Y estas políticas que intentan atender problemas públicos se evalúan por sus resultados y no por sus intenciones, aunque toda la propaganda institucional apoye una política, aunque el discurso oficial sea el mejor, habrá que evaluar bajo la luz de los alcances de las soluciones planteadas, si son o no adecuadas, si los problemas se están resolviendo, evaluados bajo los hechos, sin prejuicios.
La literatura, en su mayoría nos dicta claramente qué es un problema público o al menos cómo podemos ayudarnos a definirlo a diferenciarlo, y hasta la manera de atenderlo. Nos ayuda a entender la diferencia entre políticas horizontales (públicas) y verticales que se acercan más a decisiones autoritarias, que resultan ser impopulares, impuestas desde el poder. Estas políticas que no convencen a la sociedad, a los ciudadanos, generan ruido, pero dejan ver fallas de diseño, de implementación, de resultados, que terminan por no ser populares, sin apoyo, ese es su destino y no hay fuerza, personalidad, discurso, que pueda evitar que sea capturada por la ineficiencia, la indolencia, el desprestigio.
Ese riesgo corren los gobiernos que quieren basar la toma de decisiones en función de la popularidad, cierto, siempre suma esta, pero no puede ser determinante para que los problemas públicos sean atendidos con eficiencia automática. Se aplaude que se pretendan modificar rutinas, reglas, procesos, vicios y prácticas en la vida pública, pero si esto no se acompaña de pesos y contrapesos se cae en el riesgo de gatopardismo, de concentración del poder y desgaste de este.

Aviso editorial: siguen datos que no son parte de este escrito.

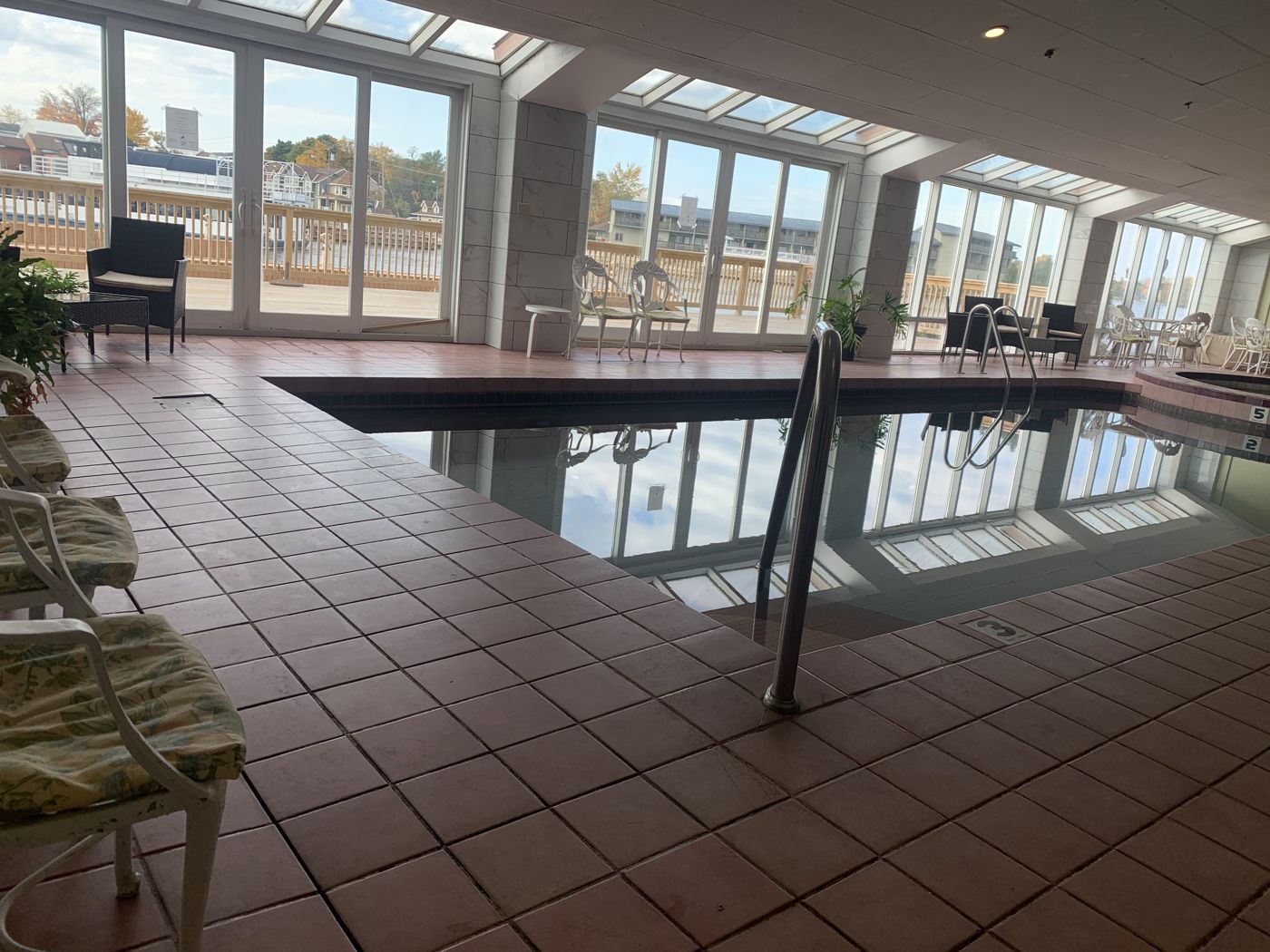 Riveredge Resort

Esto implica varios riesgos, primero que la acción u omisión de los gobiernos provoquen más perdedores que ganadores, que no exista o se extienda la curva de aprendizaje de cualquier gobierno donde no exista capacidad de diferenciar los fracasos, que se minimice el riesgo, que se evite hablar de deficiencias, que no se asuman desaciertos, que no se escuche, que se aísle al que toma decisiones y no se le permita ver, en una sana evaluación de sus políticas sus resultados, llevándolos inevitablemente al fracaso. Ese es el riesgo que se corre cuando hablamos de definir a los problemas públicos, que no haya congruencia entre la política y el problema y que lleven a sus líderes al inmediato fracaso, al desgaste y perdida de legitimidad. Esto ni es nuevo ni tampoco se trata de fatalismo, son consecuencias debido a la incapacidad de ver que no definir un problema público evidente, de no atenderlo, fácilmente se revierte en quien debió tomar la decisión, porque para eso también se les elige a los representantes, para tomar decisiones lo más cercanas a los problemas públicos y dejar de ver a la arena de lo público con fines electorales.